Heye Town (荷叶镇) is a rural town in Guiyang County, Hunan, China. As of the 2011 census it had a population of 27,600 and an area of 80.4 km2. It borders Lutang Town in the east and north, Jinjiang Town in the south, and Fangyuan Town in the west.
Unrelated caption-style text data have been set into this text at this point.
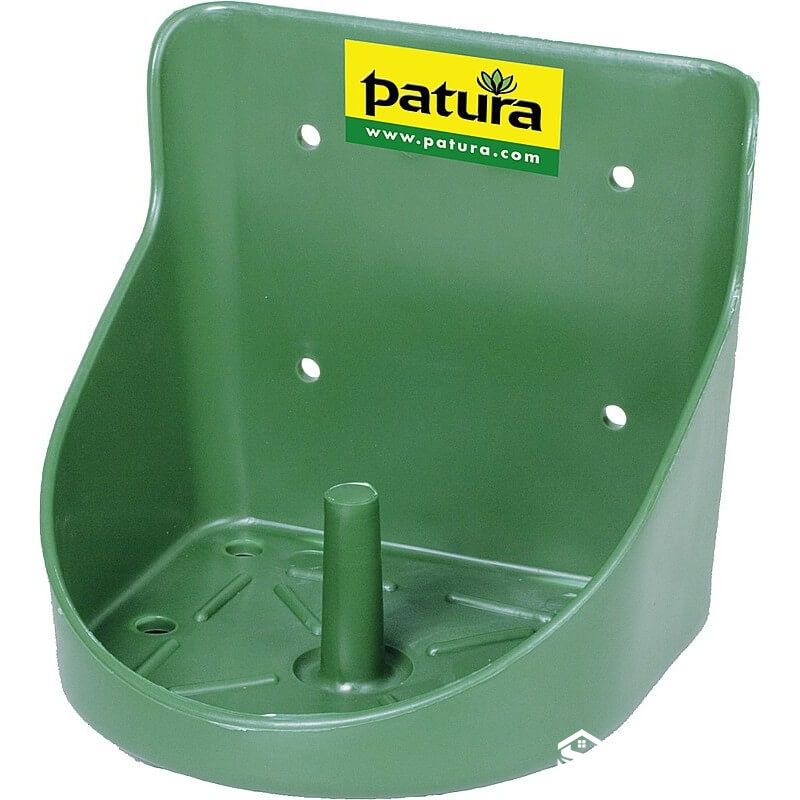 green plastic mineral block holder for cattle and sheep
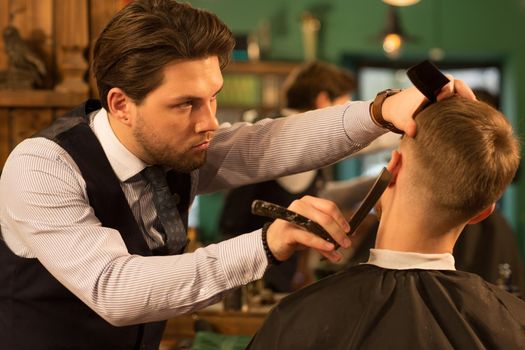 Young handsome bearded professional barber shaving his male client with a razor copyspace profession occupation vintage retro traditional classic barbershop barbering hairdresser job shave beard.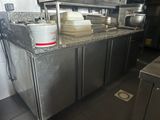 stainless steel counter top in a commercial kitchen with pots and pans on it
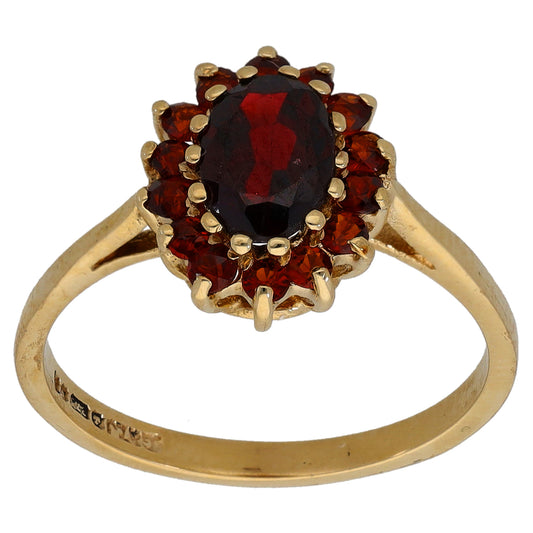 Gold garnet cocktail ring with oval red center stone and round red halo, size M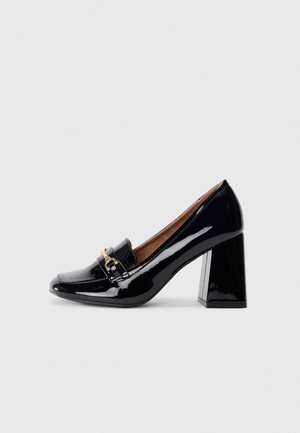 Black patent leather high-heeled shoe with a pointed toe and block heel. Features a decorative strap and buckle detail on the vamp.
==Administrative division==
As of 2011, it include 15 villages: Xinshi (新市村), Xintang (新塘村), Gantang (干塘村), Laopu (老铺村), Lianglukou (两路口村), Tanxi (潭溪村), Gaoshan (高山村), Shuibian (水边村), Shangchong (上冲村), Heye (荷叶村), Shantian (山田村), Tangjiadong (塘家洞村), Shuiyuan (水源村), Xiagu (下故村), and Tangjia (唐家村), and 2 communities: Shentangyu (神堂圩) and Heye Coal Mine (荷叶煤矿).

==History==
In 1527 during the Ming dynasty, it known as "Chaozongli" (南乡朝宗里). In 1640, it belonged to Jinshan Township (金三乡). In 1930 it came under the jurisdiction of the Second District of Guiyang County. After the founding of the Communist State in 1956, Heye Township was established. In July 1961 it was renamed "Heye People's Commune". In July 1996 it was upgraded to a town.

==Geography==
The average altitude of Heye is 585 m above sea level. The highest point in the town is Jinxianzhai (金仙寨), which, at 1250 m above sea level. The lowest point is Guanxiashui (观下水), which stands 280 m above sea level.

The town has a subtropical humid monsoon climate. The frost-free period averaged 200 days per year. The average annual sunshine is 1800 hours. The annual average precipitation is 1400 to 1700 mm.

==Economy==
The town's main industries are agriculture and mining. Coal and graphite are major mineral resources. The main cash crops are rice, konjac, ginger, chili pepper and kiwifruit.

==Education==
As of 2011, there are 10 kindergartens, 15 primary schools and one middle school in the town.

==Culture==
Huaguxi is the most influential local theater.

==Attractions==
The main attractions are the Chaoquan (潮泉) and Jinxianzhai.

==Transportation==
The Provincial Highway S214 passes across the town north to south.